So I thought that the cases block looked a bit weird with boolean inputs so I tried editing it making look like reporter inputs using a read only number input block and then I noticed 2 things.
You cannot use read only and dropdowns when it has multiple inputs.
Only boolean and any type inputs can be unevaluated.
So I want both of these missing features to be added.
I can't really see a use case for variadic read-only dropdown input slots. Writeable ones, maybe, but if you can only make a limited number of choices, what's the point of making a lot of them?
Unevaluated-ness could apply to any input type, yes. We might get around to that eventually, but since you can put any type expression into an Any slot, it's just a cosmetic issue, rather than a real limitation. (But I want that too, for the Streams library! I want a version of IN FRONT OF whose second input slot looks like a list but is unevaluated.)
But for the specific situation you started with, we have a better solution in mind. I'm not promising we'll do it soon, but the idea is to be able to group a bunch of consecutive input slots and/or title texts and make the entire group variadic. So you could have an input group else if (Boolean) then (script)
and make that variadic. The effect inside the procedure is that the two sub-inputs would generate same-length lists of inputs when called. Designing a good visual representation for that will probably be harder than actually implementing it; anyway, that's where it's stuck right now.
A use for read only in multiple inputs is in a block like this:
[scratchblocks]
(+ go + through + path + ((points...)::motion) + in + ((secs # = 10)::motion) + secs::stack motion)::hat control//Glide to is a custom block I once made.

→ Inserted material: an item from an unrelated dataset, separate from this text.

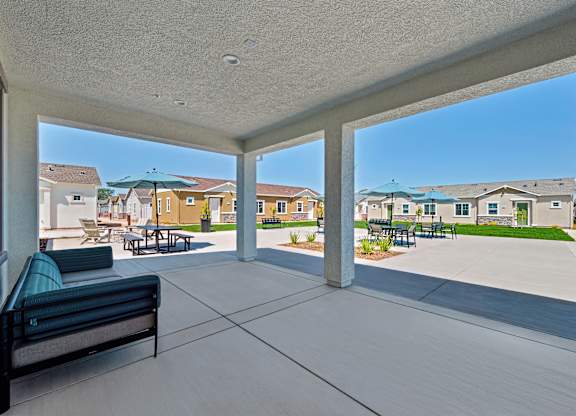 A patio with a bench and a view of a residential area.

for each ((object)::list)in(points){
gilde((secs)/([length v]of(points)::list))secs to(object)::motion}::list loop
[/scratchblocks]
I see, the use case is that you want to control the order in which sprites are visited. But you can do it this way only for a fixed number of sprites. (Even though the variadic input will give you however many slots you want, when you program a call to your block, you have to choose which sprites you want explicitly.) I'd be more inclined to write the block so that it takes a list of sprites as input, then you can build the list programmatically.